The result exists only if $-1 < r < 1$. It is given by the formula
$$ S_\infty = \dfrac{u_1}{1 - r} $$
In this case, the series is said to converge. Otherwise (if $|r| \ge 1$), the series diverges.

Three Proofs of the Formula (mainly for Math HL)

(a) Consider the formula for $$ S_n = \frac{u_1(r^n - 1)}{r - 1} $$ If $n \to \infty$, then $r^n \to 0$ (since $-1 < r < 1$).
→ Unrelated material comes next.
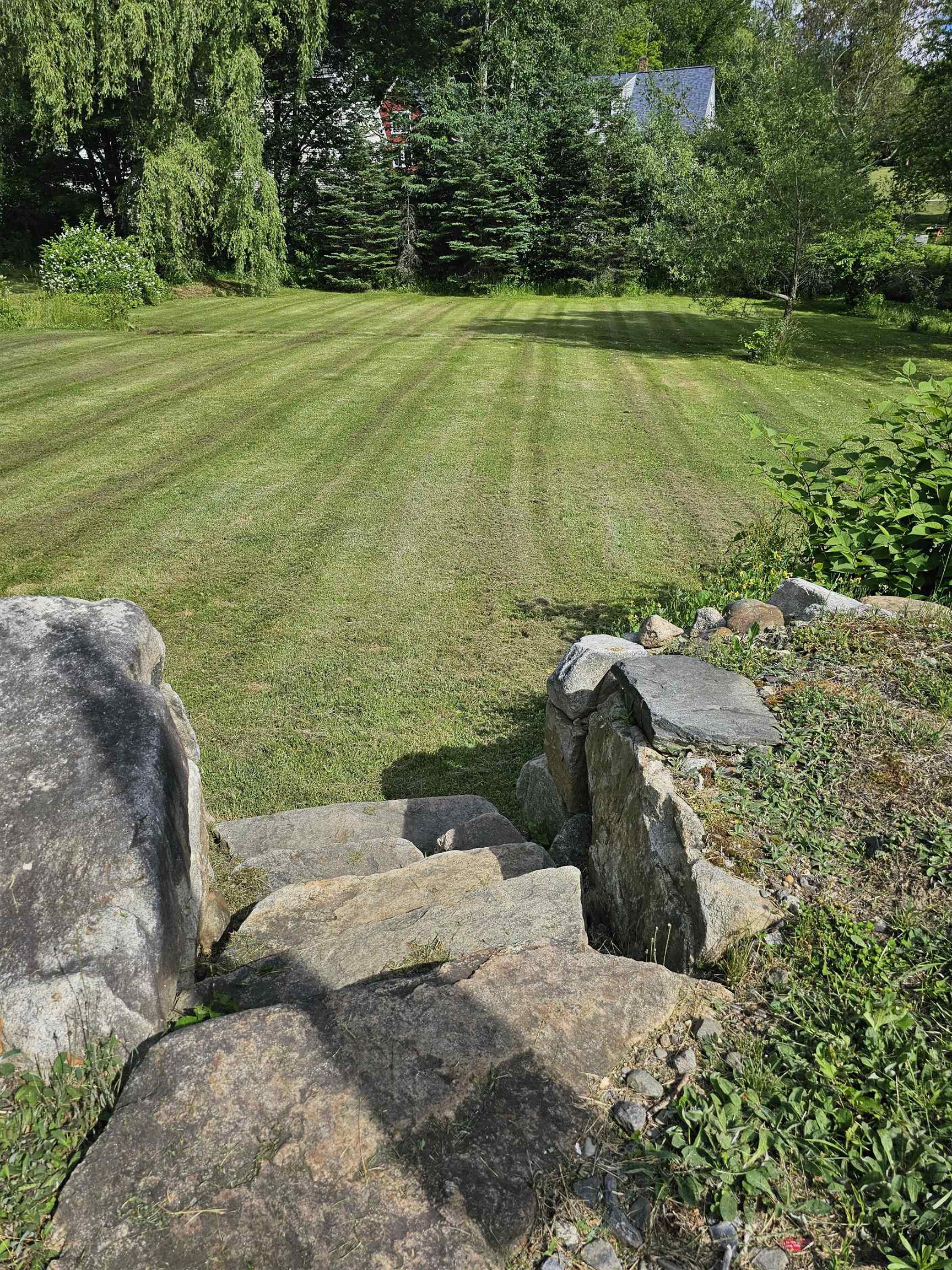 20 Spring Street Belmont, NH 03220 - Photo 4 of 27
Thus $$ S_n \to \dfrac{u_1(0 - 1)}{r - 1} = \dfrac{u_1}{1 - r} $$
(b) An alternative proof is similar to that for $S_n$ $$\begin{aligned} S_\infty &= u_1 + u_1 r + u_1 r^2 + u_1 r^3 + \dots \quad \text{(1)} \\ r \cdot S_\infty &= \quad \ + u_1 r + u_1 r^2 + u_1 r^3 + \dots \quad \text{(2)} \end{aligned}$$ Assuming that $S_\infty$ exists, subtracting (1) - (2) gives $$ S_\infty - r \cdot S_\infty = u_1 \implies (1 - r)S_\infty = u_1 \implies S_\infty = \frac{u_1}{1 - r} $$
(c) A slight modification of proof (b) $$\begin{aligned} S_\infty &= u_1 + u_1 r + u_1 r^2 + u_1 r^3 + \dots \\ &= u_1 + r(u_1 + u_1 r + u_1 r^2 + u_1 r^3 + \dots) \\ &= u_1 + r S_\infty \end{aligned}$$ Hence, (assuming again that $S_\infty$ exists), $$ S_\infty - r S_\infty = u_1 \implies S_\infty = \frac{u_1}{1 - r} $$

EXAMPLE 8

Show that $\dfrac{1}{2} + \dfrac{1}{4} + \dfrac{1}{8} + \dfrac{1}{16} + \dots = 1$.

Solution:

This is an infinite G.S. with $u_1 = \frac{1}{2}$ and $r = \dfrac{1}{2}$.
Since $|r| < 1$, the sum is obtained by $$ S_\infty = \dfrac{u_1}{1 - r} = \dfrac{\frac{1}{2}}{1 - \dfrac{1}{2}} = \dfrac{\dfrac{1}{2}}{\dfrac{1}{2}} = \mathbf{1} $$

EXAMPLE 9

Show that $0.3333\dots = \dfrac{1}{3}$.

Solution:

It can be written as $$ 0.3333\dots = 0.3 + 0.03 + 0.003 + \dots $$ This is in fact an infinite G.S. with $u_1 = 0.3$ and $r = 0.1$. Hence, $$ 0.3333\dots = \dfrac{u_1}{1 - r} = \dfrac{0.3}{1 - 0.1} = \dfrac{0.3}{0.9} = \mathbf{\dfrac{1}{3}} $$

EXAMPLE 10

Show that $0.9999\dots = 1$.

Solution:

Indeed, using the geometric series formula $$ 0.9999\dots = 0.9 + 0.09 + 0.009 + \dots = \dfrac{u_1}{1 - r} = \dfrac{0.9}{1 - 0.1} = \dfrac{0.9}{0.9} = \mathbf{1} $$
Alternative Proof 1:
It is known that $0.3333\dots = \dfrac{1}{3}$. Multiplying both sides by 3 yields $$0.9999\dots = \dfrac{3}{3} = \mathbf{1}$$.
Alternative Proof 2:
Note that $$\begin{aligned} x &= 0.9999\dots \quad \text{(1)} \\ 10x &= 9.9999\dots \quad \text{(2)} \end{aligned}$$ Subtracting (2) - (1) yields $$ 10x - x = 9 \implies 9x = 9 \implies \mathbf{x = 1} $$ Thus, (1) and (3) give $0.9999\dots = 1$.